_EXERCISE_: Please state the number of lines in the entries below where the word "with" appears. Include nothing else.

_RECORDS TO USE_:
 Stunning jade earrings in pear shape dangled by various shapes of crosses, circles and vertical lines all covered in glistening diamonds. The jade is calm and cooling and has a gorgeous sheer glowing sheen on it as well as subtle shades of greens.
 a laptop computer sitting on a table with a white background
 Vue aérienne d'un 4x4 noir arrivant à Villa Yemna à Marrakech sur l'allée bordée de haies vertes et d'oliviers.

---

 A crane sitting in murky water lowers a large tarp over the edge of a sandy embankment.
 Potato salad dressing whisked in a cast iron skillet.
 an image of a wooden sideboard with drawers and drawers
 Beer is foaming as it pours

_PROBLEM SOLUTION_: 2